Mashel Law filed a whistleblower lawsuit in the New Jersey Superior Court under New Jersey’s Conscientious Employee Protection Act (CEPA) alleging their client Linda Benway, while working for the Passaic County Sheriff’s Office as a dispatch supervisor overseeing the handling of countywide 9-1-1 calls, was the victim of a hostile work environment consisting of acts of intimidation, threats and bullying, done in retaliation for her reporting to superiors the conduct of co-workers which she reasonably believed was contrary to law and state public policy.
The lawsuit further alleges that Ms. Benway engendered the hostility of coworkers and her superiors by refusing to abide the pervasive “to get along, you go along” culture existing within the Sheriff’s Office where supervisors are expected not to report unlawful behavior of workers up the chain of command, but instead are expected to sweep it under the rug. Ms. Benway was the antithesis of this “see no evil, hear no evil, speak no evil” ethos because she was a good and diligent supervisor who performed her job by the book and insisted that others who she supervised do the same. Rather than be supportive of Linda Benway’s efforts to promote an effective and efficient 9-1-1 call center, Ms. Benway claims her supervisors at the Sheriff’s Office either condoned or ratified by acts or omissions the unlawful misbehavior of coworkers. In fact, one of her supervisors berated and belittled Ms. Benway because as he put it, “you don’t let things slide”.

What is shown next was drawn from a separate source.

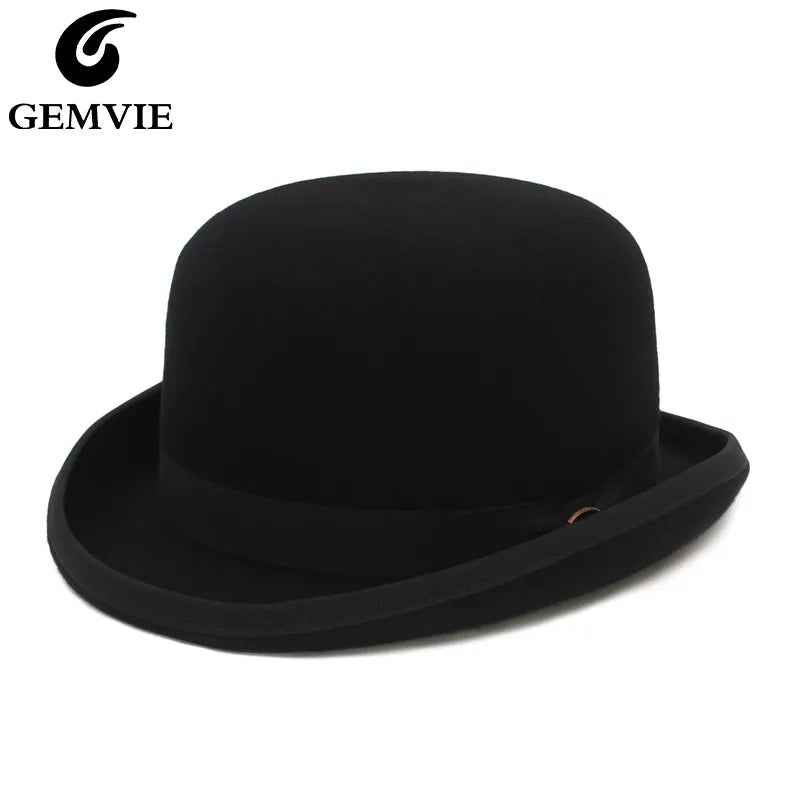 GEMVIE 100% Wool Felt Derby Bowler Hat For Men Women Satin Lined Fashion Party Formal Fedora Costume Magician Hat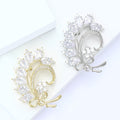 Crystal Bow Bouquet Metal Brooch in Silver and Gold view 3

The retaliatory harassment and unrelenting vilification Linda Benway experienced on the job eventually broke her down both mentally and emotionally; it also vocationally disabled her. Since October 27, 2017 when she was taken out of work by ambulance, Linda Benway has been unable to return to work due to the permanent damage caused to her by the extreme stress, anxiety and distress she experienced working for the Sheriff’s Office. On behalf of their client Linda Benway, the attorneys at Mashel Law seek to hold Passaic County and its Passaic County Sheriff’s Office legally accountable for all the harms, economic and noneconomic, caused to Ms. Benway by their responsible officials, officers, managers, supervisors, agents and/or employees.